El Irangate de Reagan o el caso Lewinski de Clinton han dado pie al mito de la maldición del segundo periodo presidencial en Estados Unidos. A Barack Obama se le pronosticaba un nuevo mandato difícil, y lo está siendo, pero no solo por la polarización del país o el inclemente bloqueo republicano en el Congreso: los escándalos que sacuden la Administración amenazan con restar credibilidad a su mensaje de regeneración de la vida pública.
Es cierto que son casos de naturaleza y calado diferentes. Los correos electrónicos sobre el asesinato del embajador en Libia parecen exculpar a la Casa Blanca de un intento de encubrir el suceso, presentado inicialmente como un asalto espontáneo y no como fue de hecho, un acto terrorista contra el consulado en Bengasi. Los mensajes revelan descoordinación. Hubo, también, fallos de seguridad.
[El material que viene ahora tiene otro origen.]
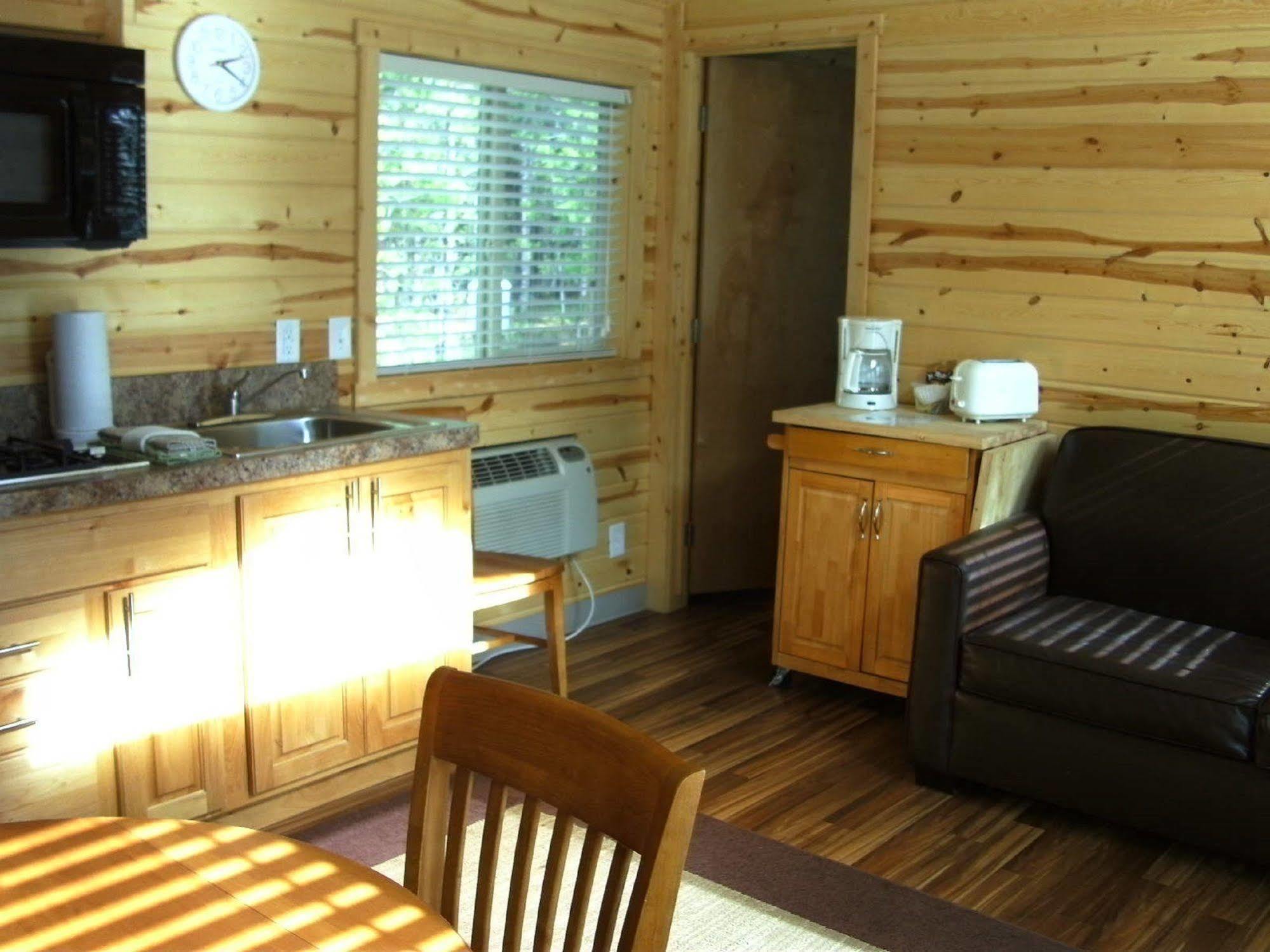 Bend-Sunriver Rv Campground Three Rivers ภายนอก รูปภาพ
Pero el Gobierno reconoció en su día este extremo y es improbable que el asunto tenga mucho más recorrido.
Más graves son, en cambio, el espionaje a la agencia AP y el uso de la oficina tributaria contra rivales políticos. Obama se ha mostrado inflexible con la investigación de los registros telefónicos de seis periodistas, realizada con permiso judicial: cualquier filtración que ponga en peligro la seguridad nacional (en este caso, una operación contra Al Qaeda en Yemen) será perseguida. Si bien no ha calmado la indignación de la prensa, este argumento puede ser admitido por el ciudadano estadounidense. Lo que nunca será aceptado es que se utilicen organismos del Estado con fines políticos. Y el hecho de que el IRS, la agencia fiscal, haya acosado a organizaciones y activistas republicanos antes de las elecciones de 2012 es intolerable para una sociedad construida sobre la confianza en las instituciones. Obama ha destituido al director del IRS, pero eso no basta: la investigación a fondo del caso resulta ineludible.
Estos escándalos han indispuesto a Obama con todos porque, tomados en conjunto, dan la impresión de un Gobierno invasivo e irrespetuoso con las libertades. La crisis exige una respuesta contundente. Con las elecciones legislativas a la vuelta de la esquina (2014), lo último que necesita el presidente es dar oxígeno a un Partido Republicano sin liderazgo, que ha hecho del obstruccionismo su forma de hacer política. Si los demócratas pierden el Senado, los dos últimos años de Obama serán un auténtico vía crucis.